At times we do not feel as if the day is going well and we don’t feel like getting up. We don’t feel like doing anything. What is really happening to me? It’s cloudy and dreary and I just don’t feel like doing anything today. Have you ever felt this way before?  It’s just a feeling that we can’t seem to shake. We know that this affects many of us on a daily basis, but we need to fight to get up and move around. It may seem as if its the end of the world, but don’t never give in.

 

Depression

Here we go again with that dreaded word “depression”. Lately, many people have been affected with this disorder that tricks our minds to think about things that are not true. At times, we feel lonely, unloved, disliked and the list continues which simply tears you down. It’s unfortunate how much when life events seems to distracts us and we begin to conform to these false beliefs.

 

It’s about me?

We blame ourselves for so many things and begin to sink in misery. It’s our fault. It’s true that you are crazy and no one loves you now or in the future.

 

Well, it’s not really about me.

You can be the most loveable person in the world, but still bad things happen. Indeed, bad things do happen to everyone. We simply must be mindful of how we react to situations that gets us so angry. It can be a simple little thing that sets us off and instead of walking away, we explode.

 

Emotional Overreactions and Depression

 

We find ourselves overreacting so much that affects our entire week and at times we drag it out to several months. You find yourself tearing up for several days upon weeks and your energy is not there. You are not sleeping well and you have not drive to do anything. Your self-confidence has vanish and self-doubt lingers.

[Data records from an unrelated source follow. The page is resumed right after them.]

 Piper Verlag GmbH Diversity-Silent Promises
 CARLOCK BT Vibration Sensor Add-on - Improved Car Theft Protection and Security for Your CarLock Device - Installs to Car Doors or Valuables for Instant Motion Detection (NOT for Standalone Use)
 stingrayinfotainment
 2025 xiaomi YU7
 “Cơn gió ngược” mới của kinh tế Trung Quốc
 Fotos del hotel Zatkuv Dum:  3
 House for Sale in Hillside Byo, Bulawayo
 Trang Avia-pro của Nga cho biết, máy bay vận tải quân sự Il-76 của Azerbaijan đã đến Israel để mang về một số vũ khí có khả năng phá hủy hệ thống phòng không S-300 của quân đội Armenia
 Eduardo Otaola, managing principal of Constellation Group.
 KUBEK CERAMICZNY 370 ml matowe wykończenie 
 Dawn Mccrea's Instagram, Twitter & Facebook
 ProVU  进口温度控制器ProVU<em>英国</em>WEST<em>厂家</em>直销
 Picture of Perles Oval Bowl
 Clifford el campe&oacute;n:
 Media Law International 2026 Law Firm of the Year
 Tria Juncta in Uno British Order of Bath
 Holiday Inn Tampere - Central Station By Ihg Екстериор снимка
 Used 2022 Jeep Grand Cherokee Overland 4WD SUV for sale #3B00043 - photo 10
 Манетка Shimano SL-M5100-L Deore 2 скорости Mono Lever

It takes a toll on your body and it takes a while to get back on track.


Avoiding Depression and Overreaction

It’s time for us to realize that this is a vicious cycle that continues every day. It takes a lot of practice and patience to stop overreacting. First, we need to become aware of what you are doing and put a stop to it.

 

Here are some suggestions for avoiding an emotional overreactions thanks to depression.

 

  • Life events comes and goes.
  • Stop overreacting!
  • Practice a lot of self-talk. Watch your breathing and inhale (peace) exhale (frustration).
  • Do a reality check? Check in with someone who knows you.
  • Distract yourself and do something else.
  • Believe in yourself and know that you are not alone.
  • Quiet your thoughts and mediate.